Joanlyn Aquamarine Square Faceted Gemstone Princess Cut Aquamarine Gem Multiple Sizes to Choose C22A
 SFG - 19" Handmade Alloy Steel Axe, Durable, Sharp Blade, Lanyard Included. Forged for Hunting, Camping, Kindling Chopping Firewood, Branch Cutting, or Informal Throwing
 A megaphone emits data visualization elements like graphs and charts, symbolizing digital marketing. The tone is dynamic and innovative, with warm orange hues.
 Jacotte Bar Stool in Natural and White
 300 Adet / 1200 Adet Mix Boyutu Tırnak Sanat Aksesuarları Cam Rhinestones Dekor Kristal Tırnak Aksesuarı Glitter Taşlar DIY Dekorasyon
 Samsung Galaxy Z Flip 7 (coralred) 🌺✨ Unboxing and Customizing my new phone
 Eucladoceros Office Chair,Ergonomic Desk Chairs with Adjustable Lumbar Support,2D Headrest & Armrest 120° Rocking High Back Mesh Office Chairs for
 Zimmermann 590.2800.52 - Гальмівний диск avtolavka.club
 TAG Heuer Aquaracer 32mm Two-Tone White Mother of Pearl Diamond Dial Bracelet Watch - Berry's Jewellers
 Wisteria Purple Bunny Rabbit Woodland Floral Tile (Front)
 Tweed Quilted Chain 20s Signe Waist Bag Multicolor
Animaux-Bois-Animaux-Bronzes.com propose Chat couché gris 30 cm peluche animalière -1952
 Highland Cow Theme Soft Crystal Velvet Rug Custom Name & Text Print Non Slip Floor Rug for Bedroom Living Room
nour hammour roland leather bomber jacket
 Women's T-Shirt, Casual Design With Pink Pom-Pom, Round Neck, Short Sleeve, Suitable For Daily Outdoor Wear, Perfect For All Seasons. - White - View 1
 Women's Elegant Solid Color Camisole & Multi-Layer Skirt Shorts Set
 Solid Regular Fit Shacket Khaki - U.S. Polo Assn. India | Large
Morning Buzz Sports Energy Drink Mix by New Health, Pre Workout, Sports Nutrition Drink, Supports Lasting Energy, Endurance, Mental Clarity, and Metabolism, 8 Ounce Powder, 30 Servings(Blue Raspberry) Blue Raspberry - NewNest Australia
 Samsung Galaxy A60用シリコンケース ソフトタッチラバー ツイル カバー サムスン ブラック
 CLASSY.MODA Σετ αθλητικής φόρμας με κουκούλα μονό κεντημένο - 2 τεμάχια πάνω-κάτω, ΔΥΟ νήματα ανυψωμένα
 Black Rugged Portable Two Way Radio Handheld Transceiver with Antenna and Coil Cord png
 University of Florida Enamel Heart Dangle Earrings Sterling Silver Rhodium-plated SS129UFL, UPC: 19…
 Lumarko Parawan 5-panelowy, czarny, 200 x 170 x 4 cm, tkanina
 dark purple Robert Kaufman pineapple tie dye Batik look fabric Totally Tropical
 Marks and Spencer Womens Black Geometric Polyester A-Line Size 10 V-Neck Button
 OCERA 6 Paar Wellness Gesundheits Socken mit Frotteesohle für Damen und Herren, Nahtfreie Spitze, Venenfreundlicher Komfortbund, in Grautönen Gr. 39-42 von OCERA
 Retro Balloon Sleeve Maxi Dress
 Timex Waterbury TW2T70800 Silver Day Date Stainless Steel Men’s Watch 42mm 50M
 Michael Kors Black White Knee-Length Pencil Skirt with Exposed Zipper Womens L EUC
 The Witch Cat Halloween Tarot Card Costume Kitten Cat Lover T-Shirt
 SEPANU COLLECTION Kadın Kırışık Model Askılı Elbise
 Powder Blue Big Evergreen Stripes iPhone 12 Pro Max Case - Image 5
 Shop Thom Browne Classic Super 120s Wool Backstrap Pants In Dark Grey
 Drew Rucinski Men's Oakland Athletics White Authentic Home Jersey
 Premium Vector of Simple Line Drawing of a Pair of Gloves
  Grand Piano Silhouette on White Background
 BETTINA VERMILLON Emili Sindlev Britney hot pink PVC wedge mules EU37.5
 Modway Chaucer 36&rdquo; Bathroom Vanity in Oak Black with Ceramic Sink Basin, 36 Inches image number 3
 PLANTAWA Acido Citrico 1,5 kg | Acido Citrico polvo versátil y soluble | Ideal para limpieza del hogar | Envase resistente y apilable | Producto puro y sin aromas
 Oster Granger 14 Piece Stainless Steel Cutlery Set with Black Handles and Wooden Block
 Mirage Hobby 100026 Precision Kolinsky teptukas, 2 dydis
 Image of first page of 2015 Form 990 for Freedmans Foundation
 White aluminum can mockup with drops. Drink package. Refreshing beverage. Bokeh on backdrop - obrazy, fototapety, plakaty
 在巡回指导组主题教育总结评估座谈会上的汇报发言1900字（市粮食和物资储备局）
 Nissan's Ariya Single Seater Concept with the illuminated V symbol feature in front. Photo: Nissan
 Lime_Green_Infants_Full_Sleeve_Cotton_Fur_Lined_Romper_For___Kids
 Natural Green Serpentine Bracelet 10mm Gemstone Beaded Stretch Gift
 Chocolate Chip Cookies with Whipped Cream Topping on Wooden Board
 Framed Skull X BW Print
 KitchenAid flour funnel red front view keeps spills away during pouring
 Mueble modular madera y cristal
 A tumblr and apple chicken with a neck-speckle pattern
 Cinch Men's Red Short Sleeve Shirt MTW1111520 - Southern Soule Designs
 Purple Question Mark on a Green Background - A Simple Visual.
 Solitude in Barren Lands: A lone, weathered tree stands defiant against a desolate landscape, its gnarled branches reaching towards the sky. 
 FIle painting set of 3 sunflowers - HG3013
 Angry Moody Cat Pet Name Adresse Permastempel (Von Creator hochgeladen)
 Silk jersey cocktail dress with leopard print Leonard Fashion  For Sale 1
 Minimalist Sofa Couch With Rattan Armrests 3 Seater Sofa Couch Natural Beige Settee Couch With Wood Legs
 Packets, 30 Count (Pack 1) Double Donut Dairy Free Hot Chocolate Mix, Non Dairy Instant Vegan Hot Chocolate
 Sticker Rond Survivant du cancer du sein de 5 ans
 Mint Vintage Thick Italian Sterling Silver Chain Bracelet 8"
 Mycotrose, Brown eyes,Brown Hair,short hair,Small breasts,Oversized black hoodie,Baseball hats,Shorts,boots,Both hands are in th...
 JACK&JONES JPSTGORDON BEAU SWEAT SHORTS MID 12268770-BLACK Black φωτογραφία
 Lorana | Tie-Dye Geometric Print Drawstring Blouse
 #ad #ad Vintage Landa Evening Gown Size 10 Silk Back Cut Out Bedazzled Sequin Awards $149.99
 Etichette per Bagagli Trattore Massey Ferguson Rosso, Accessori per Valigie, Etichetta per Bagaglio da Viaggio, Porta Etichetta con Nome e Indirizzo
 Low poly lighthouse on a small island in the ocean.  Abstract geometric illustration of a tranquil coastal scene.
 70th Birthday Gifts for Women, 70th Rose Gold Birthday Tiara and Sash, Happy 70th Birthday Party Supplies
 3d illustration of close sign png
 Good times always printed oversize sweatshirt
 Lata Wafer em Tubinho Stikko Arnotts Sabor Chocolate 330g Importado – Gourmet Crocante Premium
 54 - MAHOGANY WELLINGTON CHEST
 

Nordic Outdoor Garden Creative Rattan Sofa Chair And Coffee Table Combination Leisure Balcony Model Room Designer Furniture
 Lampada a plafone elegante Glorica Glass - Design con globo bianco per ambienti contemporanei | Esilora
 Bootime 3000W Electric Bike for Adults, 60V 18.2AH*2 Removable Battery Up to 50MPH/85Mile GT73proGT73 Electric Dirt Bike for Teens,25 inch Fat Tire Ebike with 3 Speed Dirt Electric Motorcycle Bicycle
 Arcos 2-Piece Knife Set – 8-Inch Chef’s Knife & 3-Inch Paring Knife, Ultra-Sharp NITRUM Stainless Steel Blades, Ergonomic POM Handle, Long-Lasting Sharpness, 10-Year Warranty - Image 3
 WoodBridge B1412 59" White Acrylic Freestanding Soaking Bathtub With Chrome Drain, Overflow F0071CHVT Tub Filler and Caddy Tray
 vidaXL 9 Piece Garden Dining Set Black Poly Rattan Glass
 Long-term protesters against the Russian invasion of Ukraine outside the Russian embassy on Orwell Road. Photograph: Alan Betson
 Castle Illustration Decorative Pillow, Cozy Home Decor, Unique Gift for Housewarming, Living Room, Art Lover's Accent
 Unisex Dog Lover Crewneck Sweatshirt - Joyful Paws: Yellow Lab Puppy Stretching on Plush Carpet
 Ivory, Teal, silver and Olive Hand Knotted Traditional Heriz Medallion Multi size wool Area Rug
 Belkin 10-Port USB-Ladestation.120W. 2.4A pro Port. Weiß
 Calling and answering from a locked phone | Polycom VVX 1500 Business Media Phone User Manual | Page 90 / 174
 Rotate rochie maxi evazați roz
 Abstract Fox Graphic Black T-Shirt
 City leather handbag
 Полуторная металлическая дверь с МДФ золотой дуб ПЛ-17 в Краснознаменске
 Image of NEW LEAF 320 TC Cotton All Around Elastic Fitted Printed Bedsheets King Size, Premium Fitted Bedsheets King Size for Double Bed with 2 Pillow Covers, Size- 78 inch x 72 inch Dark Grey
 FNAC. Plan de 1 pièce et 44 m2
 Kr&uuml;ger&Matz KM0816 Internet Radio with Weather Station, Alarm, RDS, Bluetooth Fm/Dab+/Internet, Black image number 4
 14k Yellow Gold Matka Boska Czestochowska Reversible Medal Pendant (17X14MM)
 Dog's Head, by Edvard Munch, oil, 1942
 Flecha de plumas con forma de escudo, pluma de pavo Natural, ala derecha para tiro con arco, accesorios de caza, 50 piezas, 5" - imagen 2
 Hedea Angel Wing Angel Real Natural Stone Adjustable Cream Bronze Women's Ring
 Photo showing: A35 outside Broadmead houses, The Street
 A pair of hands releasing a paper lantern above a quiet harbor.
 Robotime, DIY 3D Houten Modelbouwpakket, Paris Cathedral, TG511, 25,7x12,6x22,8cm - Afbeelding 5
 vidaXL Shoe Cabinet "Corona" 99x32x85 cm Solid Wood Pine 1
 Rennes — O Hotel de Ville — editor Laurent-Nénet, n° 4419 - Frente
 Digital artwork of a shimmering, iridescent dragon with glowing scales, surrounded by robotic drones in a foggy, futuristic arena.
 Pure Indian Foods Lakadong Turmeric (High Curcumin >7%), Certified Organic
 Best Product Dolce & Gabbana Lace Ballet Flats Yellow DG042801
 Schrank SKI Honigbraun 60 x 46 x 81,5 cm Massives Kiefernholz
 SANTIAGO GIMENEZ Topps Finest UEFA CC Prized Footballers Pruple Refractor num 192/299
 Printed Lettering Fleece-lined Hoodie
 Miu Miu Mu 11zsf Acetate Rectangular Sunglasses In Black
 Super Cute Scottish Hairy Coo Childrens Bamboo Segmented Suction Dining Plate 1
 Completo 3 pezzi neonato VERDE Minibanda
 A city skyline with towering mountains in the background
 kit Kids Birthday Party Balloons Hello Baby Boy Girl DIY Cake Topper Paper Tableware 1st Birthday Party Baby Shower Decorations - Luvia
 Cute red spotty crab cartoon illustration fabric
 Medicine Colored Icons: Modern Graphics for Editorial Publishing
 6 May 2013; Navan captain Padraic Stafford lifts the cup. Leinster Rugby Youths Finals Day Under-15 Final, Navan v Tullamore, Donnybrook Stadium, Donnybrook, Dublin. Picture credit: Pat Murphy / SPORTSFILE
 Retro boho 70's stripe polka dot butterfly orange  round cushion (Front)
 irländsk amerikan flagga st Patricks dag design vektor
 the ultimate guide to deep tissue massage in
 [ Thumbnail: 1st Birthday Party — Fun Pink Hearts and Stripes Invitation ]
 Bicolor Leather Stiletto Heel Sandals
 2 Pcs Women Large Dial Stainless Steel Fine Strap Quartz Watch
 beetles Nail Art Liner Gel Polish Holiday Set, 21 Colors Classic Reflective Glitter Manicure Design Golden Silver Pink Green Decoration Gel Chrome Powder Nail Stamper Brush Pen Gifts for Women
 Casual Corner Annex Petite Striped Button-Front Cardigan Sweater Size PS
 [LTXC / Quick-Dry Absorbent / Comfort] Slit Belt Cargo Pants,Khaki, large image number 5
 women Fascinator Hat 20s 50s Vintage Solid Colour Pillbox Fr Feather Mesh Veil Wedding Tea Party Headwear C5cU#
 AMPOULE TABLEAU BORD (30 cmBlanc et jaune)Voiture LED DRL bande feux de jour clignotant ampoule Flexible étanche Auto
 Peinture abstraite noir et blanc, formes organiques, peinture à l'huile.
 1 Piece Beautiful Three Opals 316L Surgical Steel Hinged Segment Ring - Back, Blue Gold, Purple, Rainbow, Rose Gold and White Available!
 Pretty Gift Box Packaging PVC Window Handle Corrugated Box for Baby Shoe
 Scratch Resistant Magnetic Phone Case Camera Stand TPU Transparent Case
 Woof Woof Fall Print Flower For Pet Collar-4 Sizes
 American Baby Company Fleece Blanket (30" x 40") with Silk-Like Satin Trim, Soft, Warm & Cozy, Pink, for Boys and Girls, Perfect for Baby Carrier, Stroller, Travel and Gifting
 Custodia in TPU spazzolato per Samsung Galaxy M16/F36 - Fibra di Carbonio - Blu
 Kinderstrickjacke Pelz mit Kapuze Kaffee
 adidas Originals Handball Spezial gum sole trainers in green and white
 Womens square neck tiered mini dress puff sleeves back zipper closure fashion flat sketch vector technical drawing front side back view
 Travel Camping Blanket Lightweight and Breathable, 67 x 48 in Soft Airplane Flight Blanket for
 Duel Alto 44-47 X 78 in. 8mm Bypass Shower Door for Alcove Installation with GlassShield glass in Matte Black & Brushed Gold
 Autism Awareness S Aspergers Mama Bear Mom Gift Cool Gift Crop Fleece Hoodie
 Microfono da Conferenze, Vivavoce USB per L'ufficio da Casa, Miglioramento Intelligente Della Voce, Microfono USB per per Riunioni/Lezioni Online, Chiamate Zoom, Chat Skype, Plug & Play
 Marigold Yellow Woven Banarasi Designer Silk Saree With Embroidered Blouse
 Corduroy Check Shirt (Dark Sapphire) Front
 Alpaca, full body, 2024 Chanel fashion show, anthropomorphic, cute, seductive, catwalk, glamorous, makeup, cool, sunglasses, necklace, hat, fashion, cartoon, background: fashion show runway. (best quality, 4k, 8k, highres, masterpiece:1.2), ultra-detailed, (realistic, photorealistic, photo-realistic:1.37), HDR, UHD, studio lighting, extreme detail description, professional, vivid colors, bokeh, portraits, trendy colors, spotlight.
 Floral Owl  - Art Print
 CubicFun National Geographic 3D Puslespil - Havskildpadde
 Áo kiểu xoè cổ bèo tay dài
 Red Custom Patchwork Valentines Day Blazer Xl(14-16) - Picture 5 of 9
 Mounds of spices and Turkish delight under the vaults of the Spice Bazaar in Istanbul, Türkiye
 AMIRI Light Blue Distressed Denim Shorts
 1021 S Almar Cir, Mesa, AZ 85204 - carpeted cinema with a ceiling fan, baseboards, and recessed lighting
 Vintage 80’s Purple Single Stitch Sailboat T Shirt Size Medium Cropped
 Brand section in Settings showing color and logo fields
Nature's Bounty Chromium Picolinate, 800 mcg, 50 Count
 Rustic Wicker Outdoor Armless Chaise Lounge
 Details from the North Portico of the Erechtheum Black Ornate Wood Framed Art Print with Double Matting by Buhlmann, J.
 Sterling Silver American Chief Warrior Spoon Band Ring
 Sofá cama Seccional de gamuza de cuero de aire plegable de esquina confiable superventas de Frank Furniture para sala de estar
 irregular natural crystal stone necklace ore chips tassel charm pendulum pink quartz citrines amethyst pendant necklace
================
Your instructions: Within the material above, extract exactly the lines that start at the line containing "Best Product Dolce" and stop after the line containing "Printed Lettering Fleece-lined Hoodie", and only those.

The completed task:
 Best Product Dolce & Gabbana Lace Ballet Flats Yellow DG042801
 Schrank SKI Honigbraun 60 x 46 x 81,5 cm Massives Kiefernholz
 SANTIAGO GIMENEZ Topps Finest UEFA CC Prized Footballers Pruple Refractor num 192/299
 Printed Lettering Fleece-lined Hoodie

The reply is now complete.